Now that word is spreading about the benefits of high-speed connections, towns and cities are clamoring to get on board. We have some of the highlights from the past week.
The initiative Google (News - Alert) introduced to provide Americans with high-speed broadband has had a positive impact in the market. By introducing Google Fiber, the company has, in essence, forced other organizations to make the same technology available around the country. While this move has been positive, rural communities with a limited customer base are being left out because the infrastructure investment required to provide the service is not profitable for private companies. So, residents in Fort Scott, Kansas, held a Broadband Speed Improvement meeting in order to address this issue in the city and surrounding areas. As reported by Jason Silvers in the Fort Scott Tribune, the meeting was held to discuss the challenges the rural community as a whole faces in achieving broadband speeds. Community residents, including economic development and business members, voiced their concerns regarding the negative impact of not having broadband speeds. This includes the lack of economic development in the region due to companies looking for this type of technology turning elsewhere.
According to state officials in Wisconsin, there are inadequate Internet connection speeds at more than 60 percent of its public libraries. Additionally, the libraries in some of these rural communities serve as the only source of Internet access. However, a federal E-rate investment in fiber broadband connectivity of $4.2 million will provide enough funding to deploy broadband connections to approximately 350 libraries. According to the Department of Public Instruction, the fiber installation project will begin in April and end in November of this year. The installation will increase connectivity capacity, and in some cases triple the existing speed.

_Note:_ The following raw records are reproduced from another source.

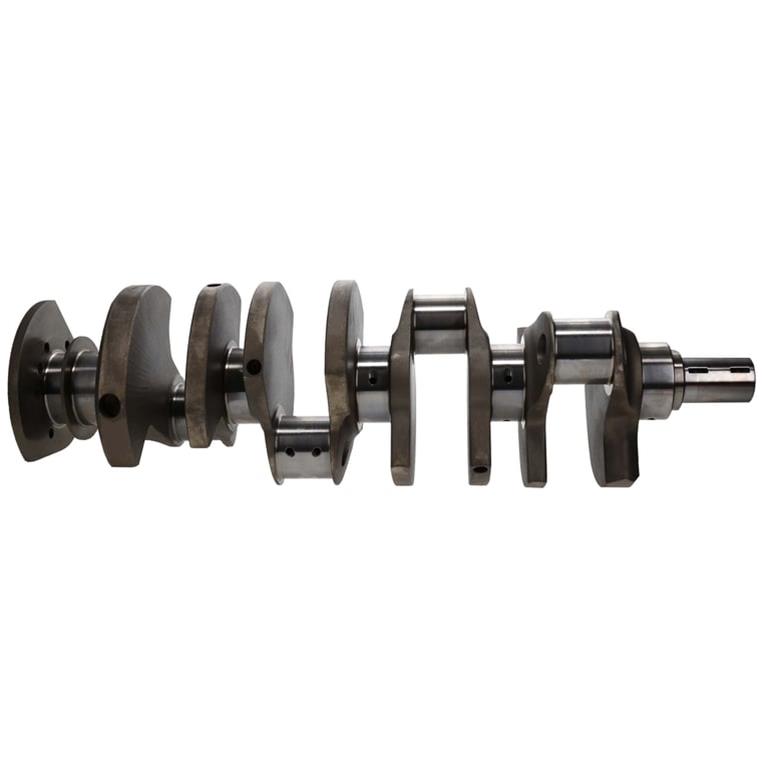 mikan　NO.28 Manley 190280 Manley Pro Series Crankshafts | Summit Racing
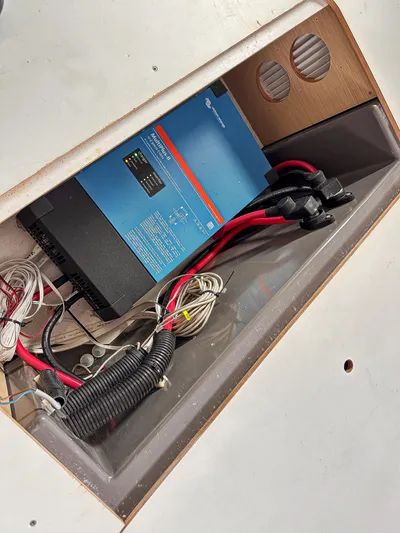 Starry Night Yacht Photos Pics 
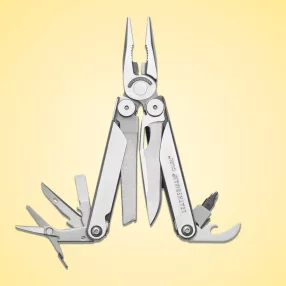 832932 Leatherman Curl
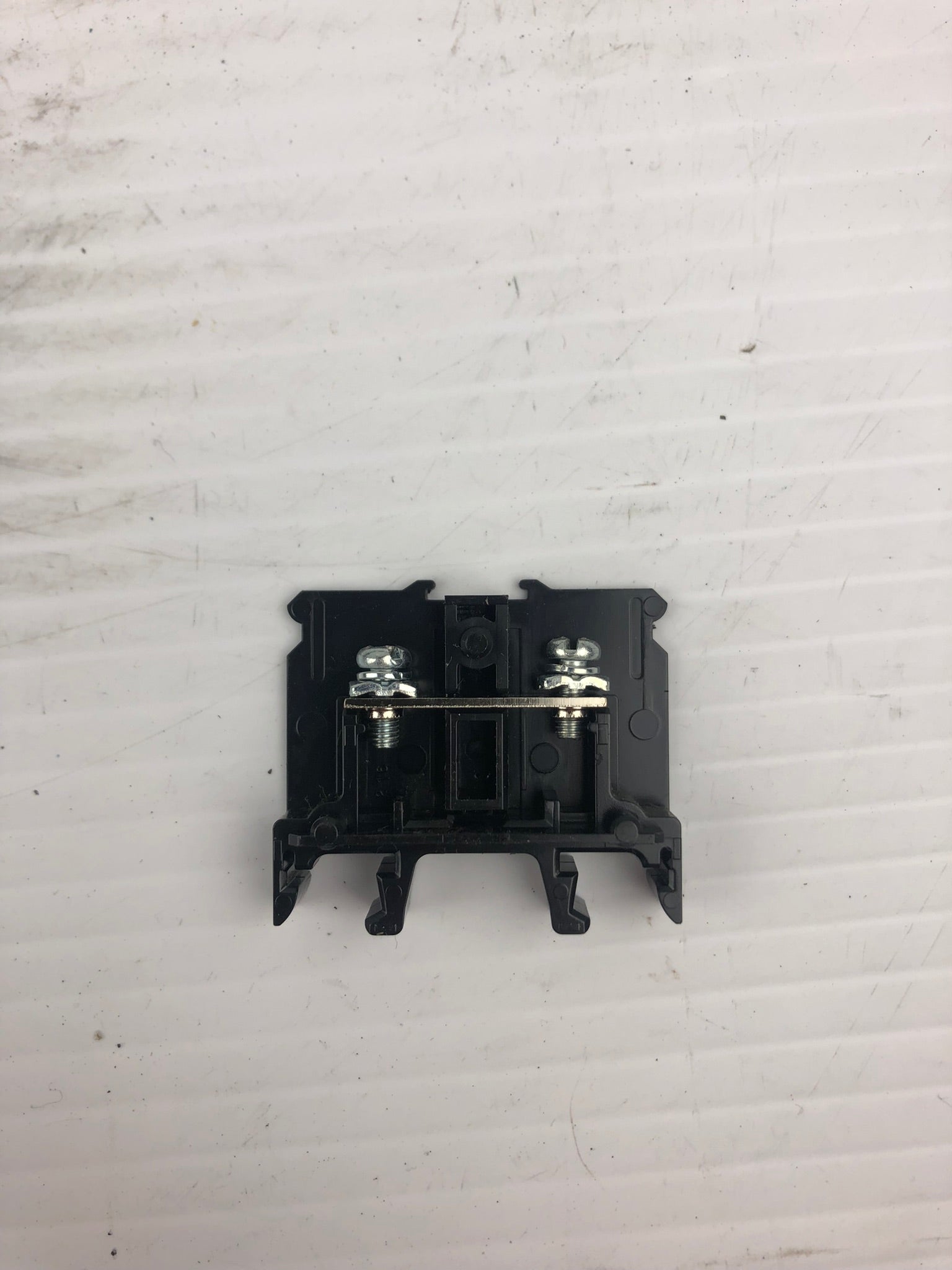 IDEC BN15MW Terminal Blocks - Lot of 63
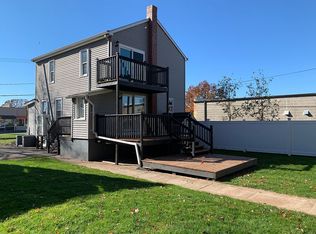 96 Willard Ave, Wallingford, CT 06492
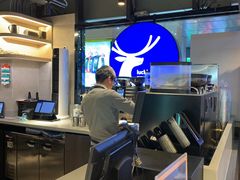 -瑞幸咖啡(东直门枢纽店)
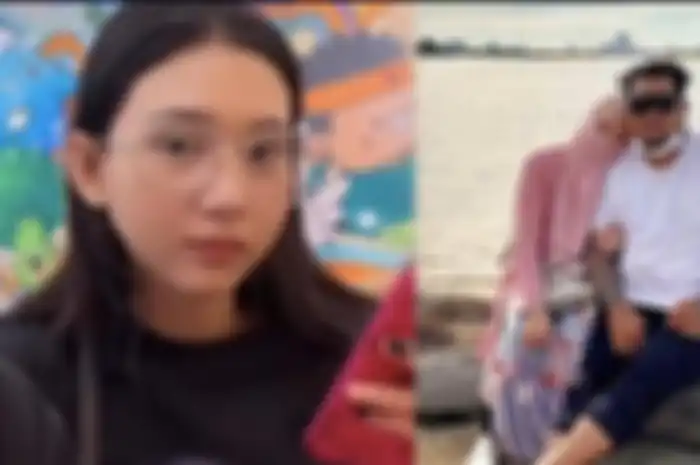 Tenri Ajeng Anisa - Inara Rusli dan Virgoun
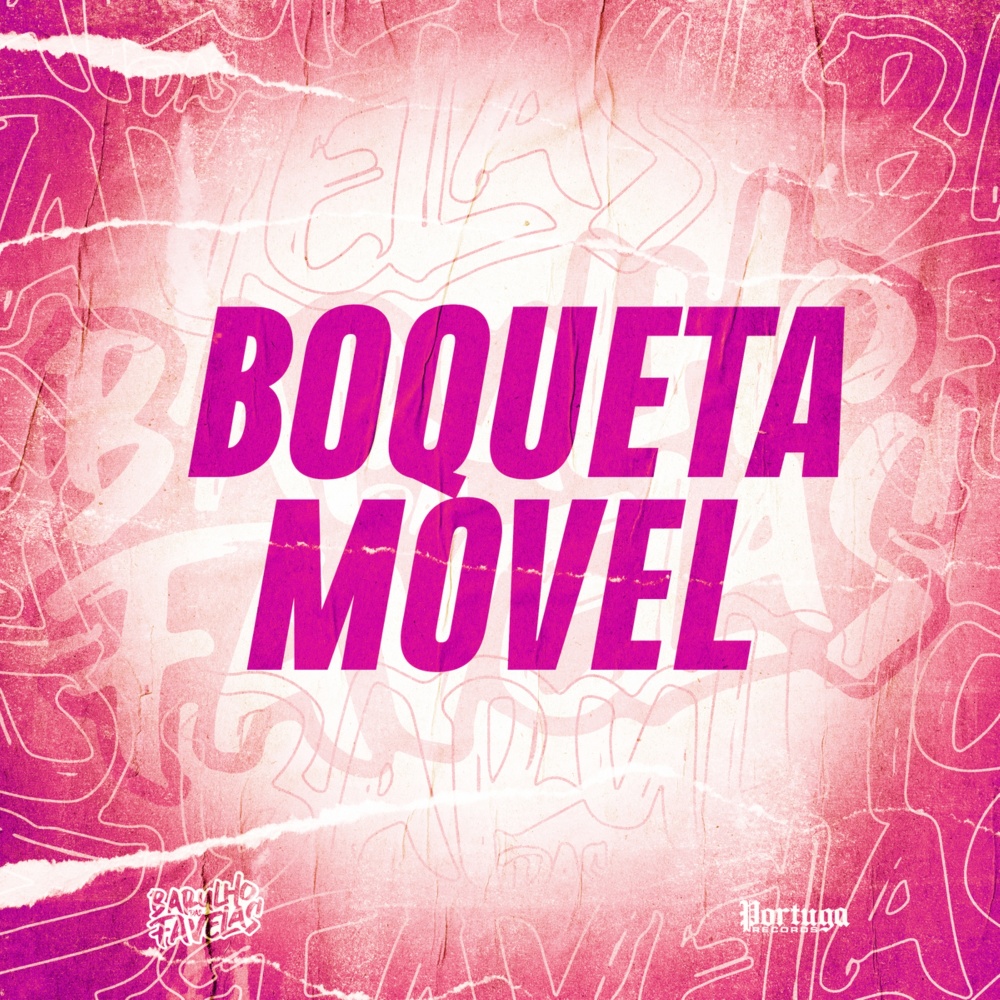 Boqueta Movel
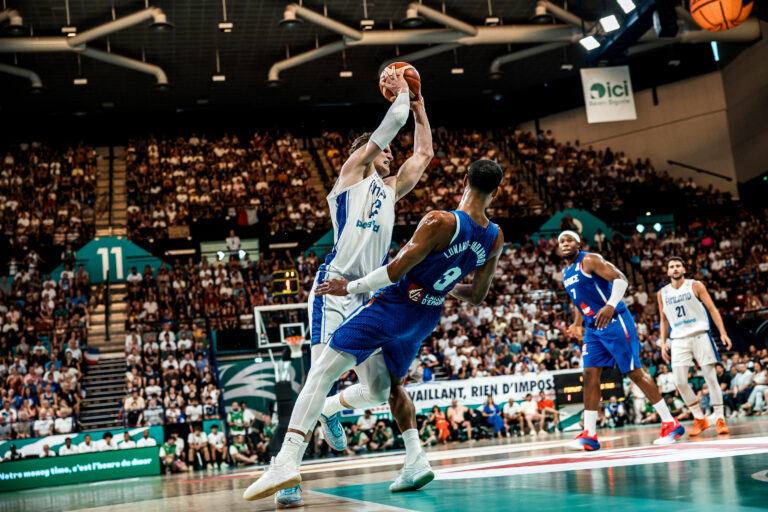 Iisalo ja Grizzlies vei kauden toisen suomalaiskohtaamisen NBA:ssa – Markkaselle kuusi minuuttia loukkaantumisen vuoksi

This week, the Beacon-News, a Chicago publication owned by Sun-Times Media Holdings, LLC, reported on its website that the city of Aurora, Illinois, is in the midst of connecting its first multi-tenant business building to the city’s fiber network via a link provided by the not-for-profit OnLight Aurora. This is the organization which has been tasked with connecting the city’s fiber optic network to community institutions. The plan is to provide a fiber network to existing and future tenants, for the first time; access to this technology is thought to be what is needed to succeed in today’s global business environment while meeting the needs of a growing and diverse population. By capitalizing on Aurora’s Fiber Optic Network across the city, residents will experience better traffic and a boost in efficiencies in operations, said Peter Lynch, Director and President of Onlight Aurora.